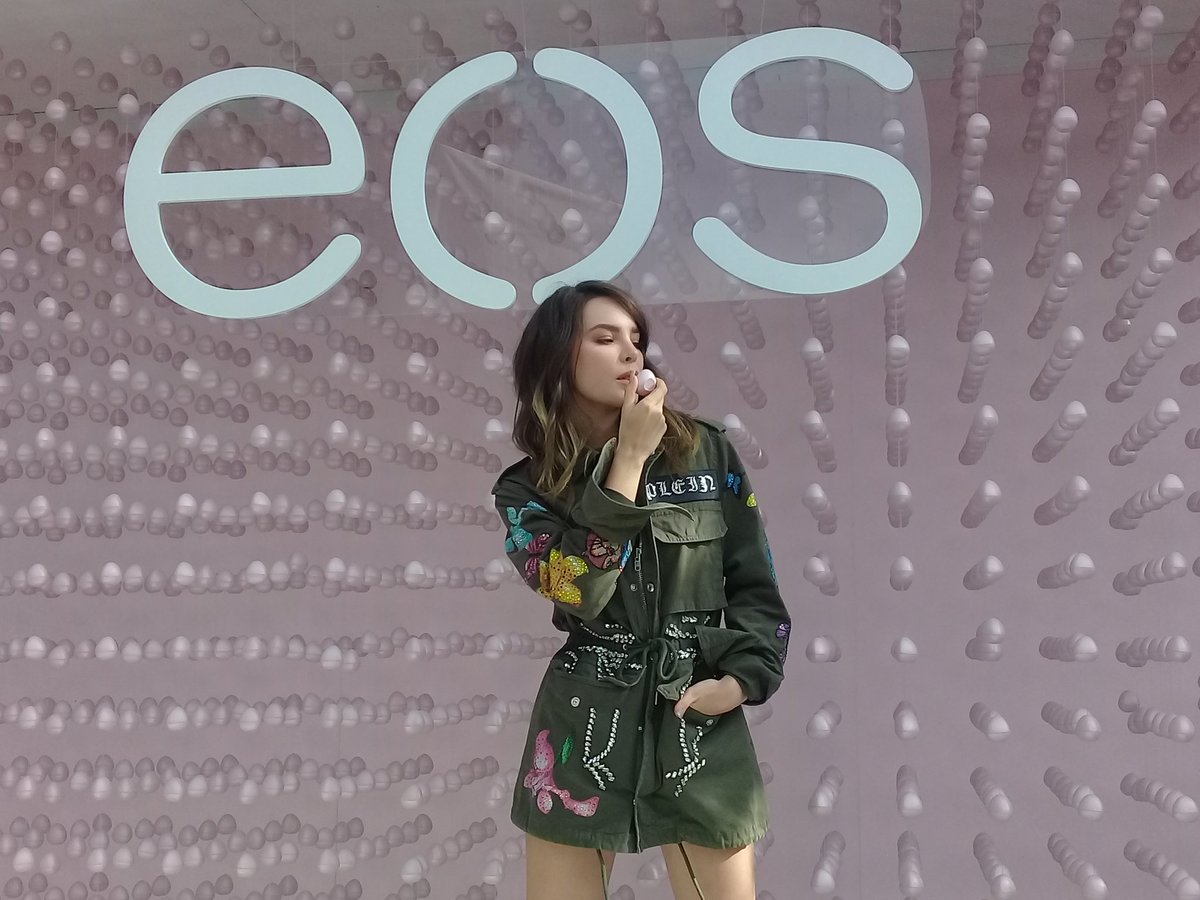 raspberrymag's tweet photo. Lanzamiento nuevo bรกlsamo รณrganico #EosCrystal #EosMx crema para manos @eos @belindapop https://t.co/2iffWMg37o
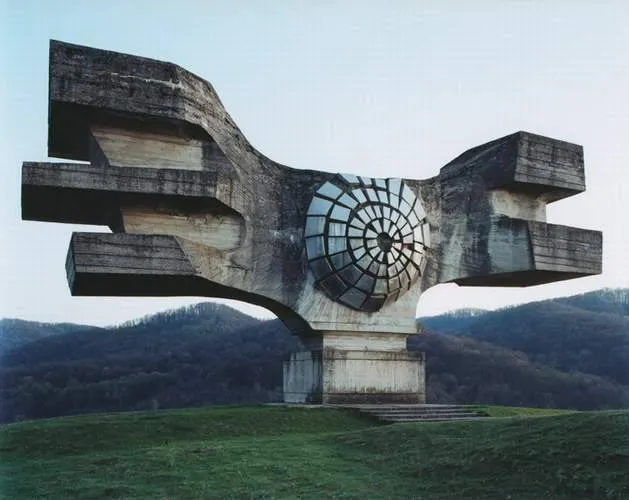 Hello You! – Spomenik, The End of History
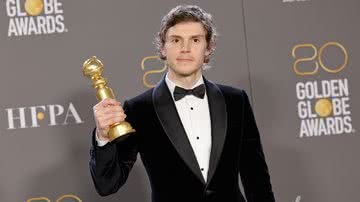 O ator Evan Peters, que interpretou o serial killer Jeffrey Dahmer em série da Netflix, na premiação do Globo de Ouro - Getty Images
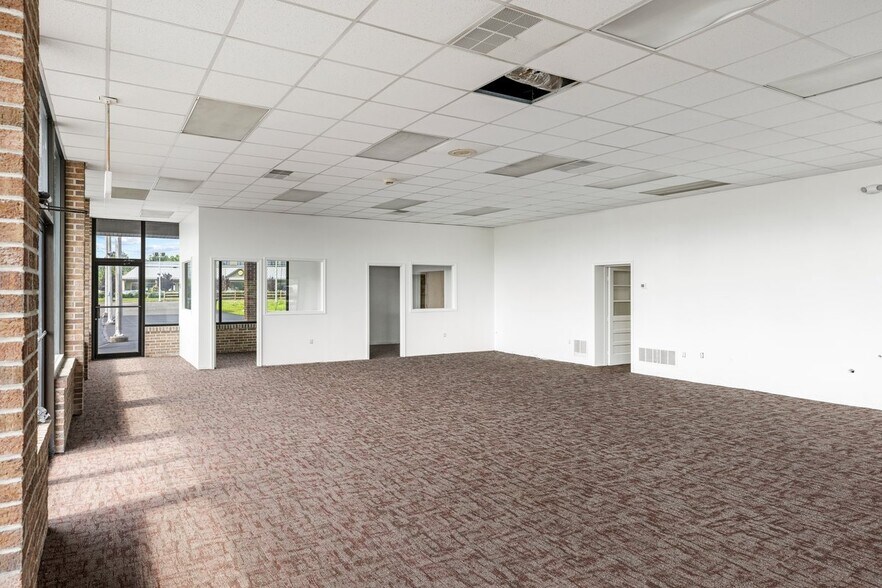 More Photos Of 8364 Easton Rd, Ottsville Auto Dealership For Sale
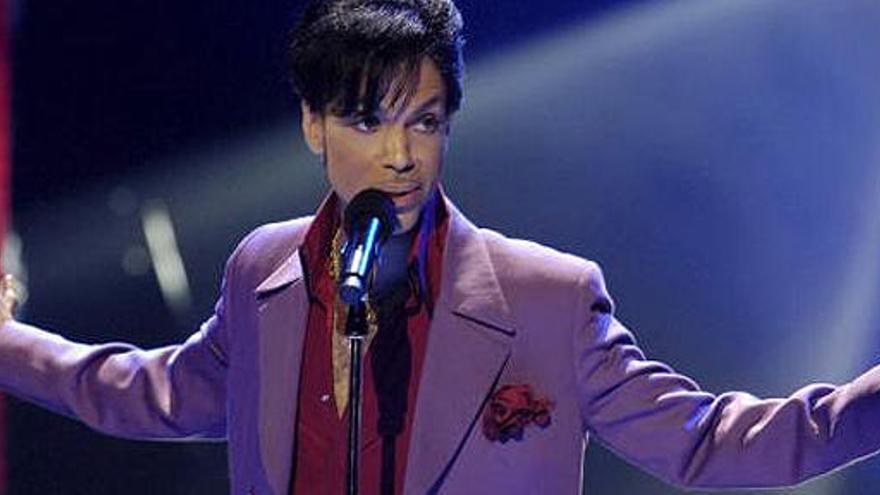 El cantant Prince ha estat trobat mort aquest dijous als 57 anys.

◆ YOUR ASSIGNMENT: Retype the entries above exactly. Stop after the line containing "More Photos Of", and omit the pictures.

◆ ANSWER TO THIS TASK:
 raspberrymag's tweet photo. Lanzamiento nuevo bรกlsamo รณrganico #EosCrystal #EosMx crema para manos @eos @belindapop https://t.co/2iffWMg37o
 Hello You! – Spomenik, The End of History
 O ator Evan Peters, que interpretou o serial killer Jeffrey Dahmer em série da Netflix, na premiação do Globo de Ouro - Getty Images
 More Photos Of 8364 Easton Rd, Ottsville Auto Dealership For Sale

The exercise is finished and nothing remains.